The inspectors also reviewed the licensees effective degradation years calculation, which was performed to determine the RPVHs susceptibility category and its examination requirements.

b. Observations and Findings

1) Verification that the examinations were performed by qualified and knowledgeable personnel.

The inspectors reviewed personnel training and qualifications to verify that volumetric and surface NDEs were performed by trained and qualified personnel.

All examiners were qualified in accordance with the ASME Code and had additional training on RPVH examination, as required in Arevas Written Practice for the Qualification and Certification of NDE Personnel document.

2) Verification that the examinations were performed in accordance with approved and demonstrated procedures.
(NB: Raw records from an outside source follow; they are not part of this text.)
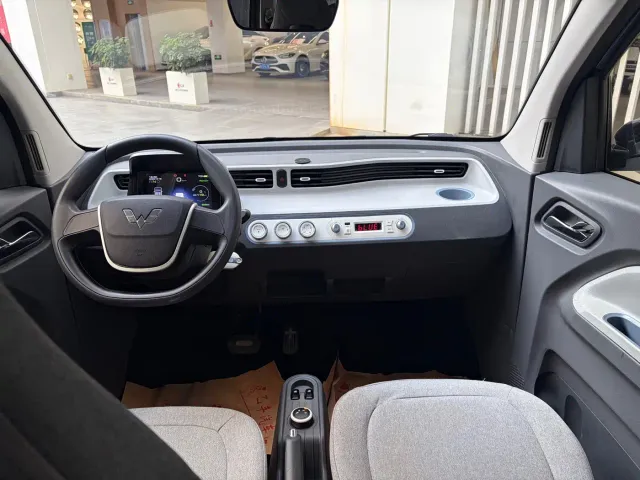 Wuling Hongguang Mini EV — Фото автомобиля 12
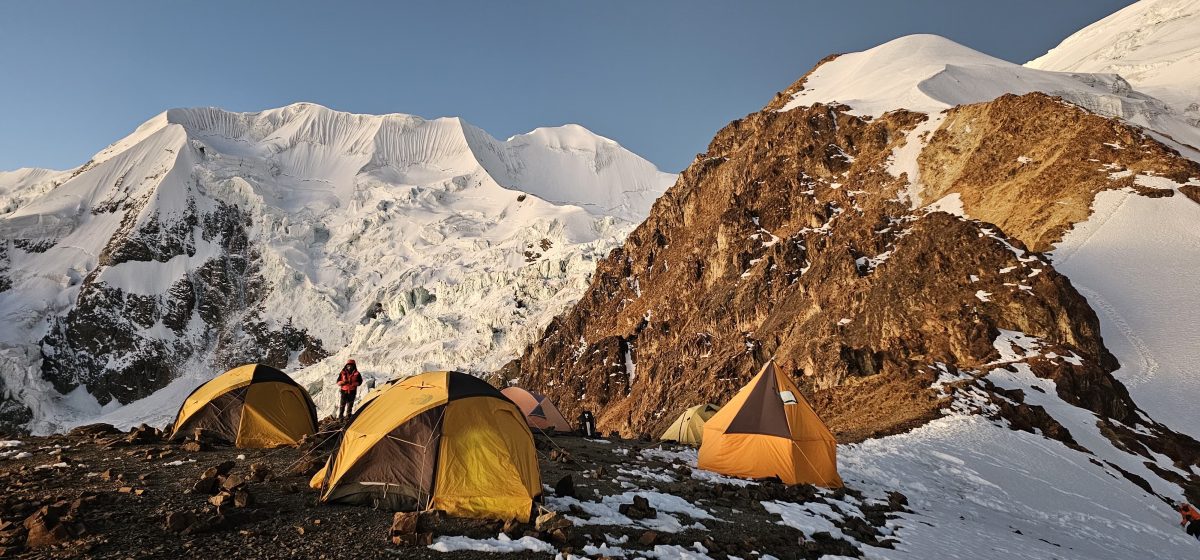hypoxic hill hoppers at illimani high camp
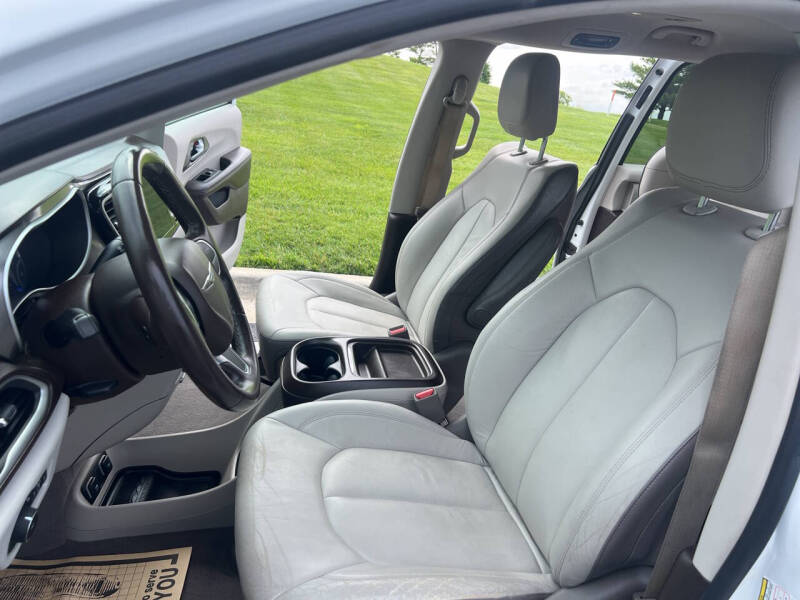 2017 Chrysler Pacifica Touring Plus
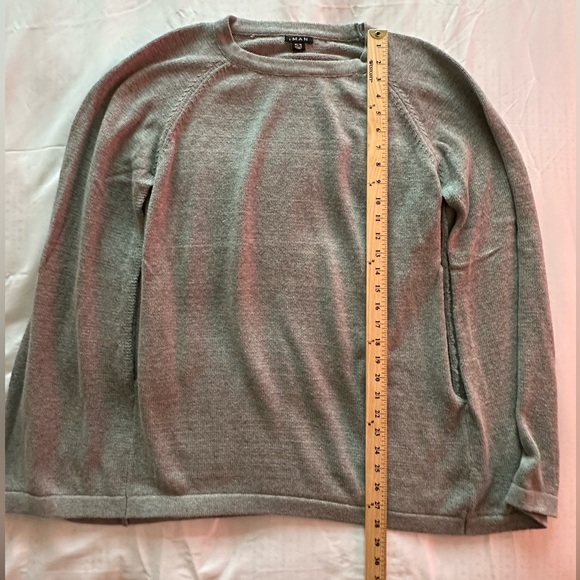 IMAN Poncho - Picture 6 of 15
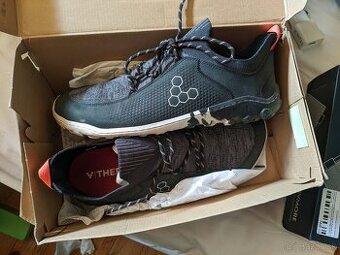 Vivobarefoot TRACKER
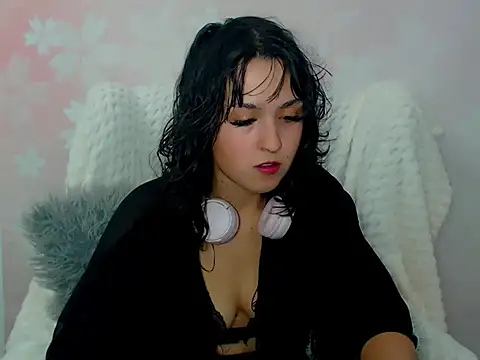 دردشة RosieSpark الجنسية المباشرة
Catawbas RPVH (Unit 1) has 78 control rod drive mechanism (CRDM) penetrations and 1 vent line penetration. Fifty three

(53) of the 78 penetrations contain thermal sleeves and the remaining 25 penetrations have open bores. All penetration nozzles, including the vent line, were examined by remote automated UT from the inside diameter surface in accordance with Areva approved procedures 54-ISI-604-001 for open bore penetrations, 54-ISI-603-002 for sleeved penetrations, and 54-ISI-605-01 for small bore penetrations.

In addition to the CRDM and vent line penetrations, Catawbas RPVH has 4 auxiliary head adapter penetrations. These penetrations consist of an Alloy 600 nozzle welded to the top of the RPVH with a dissimilar metal full penetration weld.

These welds were not examined as part of the NDEs required to meet the NRC Order. However, these welds were included within the scope of the Inservice Inspection Program as required by Section XI of the ASME Code.

RPVH penetrations with thermal sleeves and some open bore penetrations were examined with the Time of Flight Diffraction (TOFD) technique using a blade probe containing one set of 50 degree/5 MHz/L-Wave transducers circumferentially oriented for axial flaws (COAF). The transducer set was contained in a single inspection housing. Assessment of leakage into the interference fit zone was employed by analyzing the pattern and amplitude of the backwall reflection from the TOFD transducers set up.

RPVH thermocouple penetrations (open bore) were examined with a 0 degree/5 MHz/L-Wave transducer, one TOFD set of 30 degree/5 MHz/L-Wave transducers axially oriented for circumferential flaws, one set of 60 degree/2.25 MHz/S-Wave transducers axially oriented for circumferential flaws, one TOFD set of 45 degree/5 MHz/L-Wave transducers COAF, and one set of 60 degree/2.25 MHz/S-Wave transducers COAF. All transducer sets were contained in a single rotating inspection housing. Assessment of leakage into the interference fit zone was employed by analyzing the pattern and amplitude of the backwall reflection from the TOFD and 0 degree transducers set up.

The vent line penetration nozzle was examined with a set of 0 degree/5 MHz/L-Wave transducers, one set of 45 degree/5 MHz/S-Wave transducers (CW and CCW beam direction), and one set of 70 degree/5 MHz/S-Wave transducers (up and down beam direction). All transducer sets were contained in a single rotating inspection housing. Assessment of leakage through the J-groove weld was employed by performing a PT examination on the surface of the J-groove weld in accordance with Areva procedure 54-PT-200-06.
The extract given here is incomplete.